So many of the grand old football grounds of England have disappeared in recent years - The likes of Highbury, Maine Road and the Boleyn Ground have been consigned to history. Even fans of these respective clubs will largely admit that things are not quite the same anymore in their ultra-modern, sparkling new homes. However, if you look hard enough, you can find some old gems still thriving, playing host to football matches across the country. Here are the oldest football grounds still in use in England.
Bramall Lane - Sheffield United
This 32,000 all-seater stadium is in fact the oldest league stadium in the world. Football was first played here in 1862 and has been in constant use ever since, hosting the very first floodlit game along the way in 1878. Home to Sheffield United since 1899, the ground was named after the Bramall family, who were prominent local landowners. Although the Blades have fallen on relatively hard times of late, Bramall Lane is still considered to be a cauldron where away teams are rarely given an easy ride.
Field Mill - Mansfield Town
Technically, this ground is now called the One Call Stadium. However, it is commonly known as Field Mill and is thought to have first hosted football in 1861. It has also been used as a cricket ground and a venue for greyhound racing and rugby league. Since 1919, it has been home to Mansfield Town. For many people, The Stags will only be familiar through an accumulator in free bets offers by bookmakers! However, Mansfield Town have been Football League members since 1931. They haven't experienced much glory since then and are currently languishing in League Two. However, their home is a real point of pride.

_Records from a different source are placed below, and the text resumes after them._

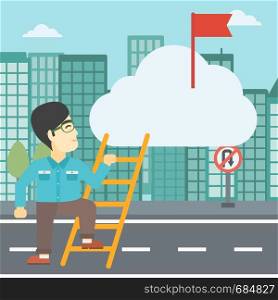 An asian young businessman climbing up the ladder to get the red flag on the top of the cloud on a city background. Vector flat design illustration. Square layout.. Cheerful leader business man vector illustration.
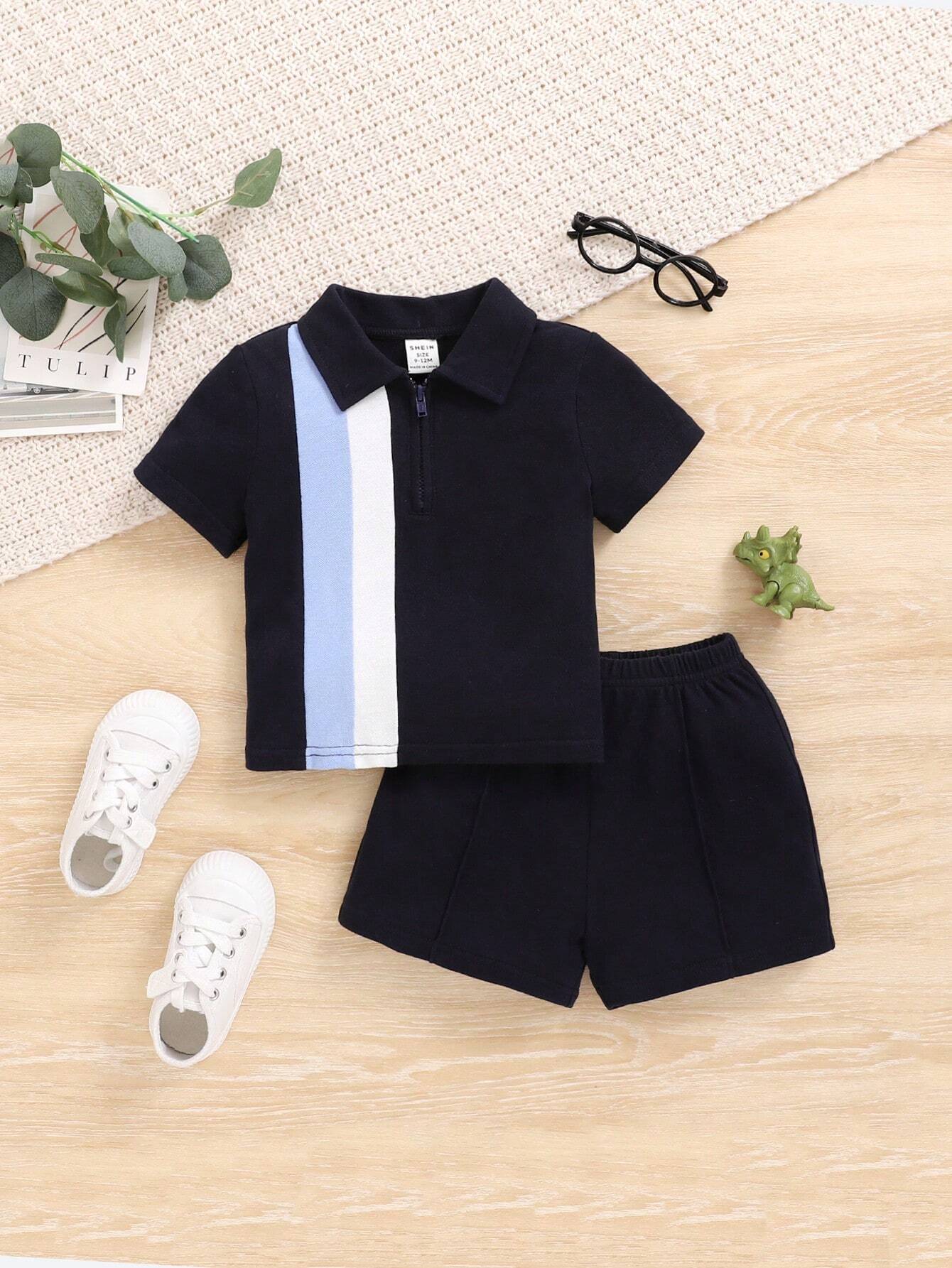  | SHEIN Baby Boy's Casual Colorblock Short Sleeve Polo Shirt And Elastic Waist Shorts Set | Dress | Shein | OneHub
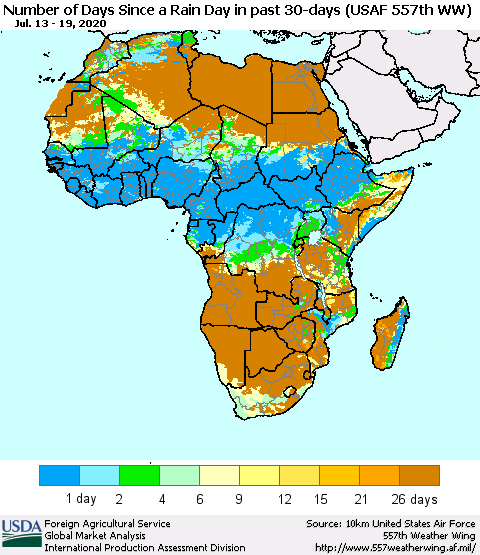 Africa Number of Days Since a Rain Day in past 30 days (USAF 557th WW) Thematic Map For 7/13/2020 - 7/19/2020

Deepdale - Preston North End
Preston North End are one of the grand old clubs of North West football. Founder members of the Football League, they were the very first team to win the league and cup double. And their ground - Deepdale - is also steeped in history. It first hosted football in 1878 and has since then also been home to the town's cricket and rugby teams too. Although Preston have not experienced too much glory since those early days, 1966 World Cup winners Bobby Moore and Nobby Stiles both managed the club during the 1970s. Another reflection of Deepdale's place in the game is that it housed the National Football Museum from 2001 to 2010.
Stamford Bridge - Chelsea
Well, here's a ground which will be familiar to most. Set in one of London's more exclusive neighbourhoods, Stamford Bridge has been Chelsea's home since 1905. However, it has been hosting football all the way back since 1877. The stadium today is familiar the world over, and with a capacity of just over 41,000 it is the eighth biggest ground in the Premier League. However, it wasn't always that way. Until the mid-1990s, Stamford Bridge was considered to be a crumbling and inhospitable venue for football. And with crowds often averaging at around 15,000 at the time, much has changed in a short period for both Chelsea and Stamford Bridge.

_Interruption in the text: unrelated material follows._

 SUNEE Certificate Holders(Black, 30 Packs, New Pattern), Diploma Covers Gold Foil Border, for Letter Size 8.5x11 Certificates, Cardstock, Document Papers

St James' Park - Newcastle United
Home to The Toon since 1892, St James' Park stands both figuratively and physically as the castle looking down upon Newcastle. With a capacity of 52,405, it is simply the focal point of an entire city and the venue for some of the most passionate support in the country. Unsurprisingly, St James' Park has received international recognition down the years - It has hosted England internationals, Olympic football and even Rugby World Cup matches.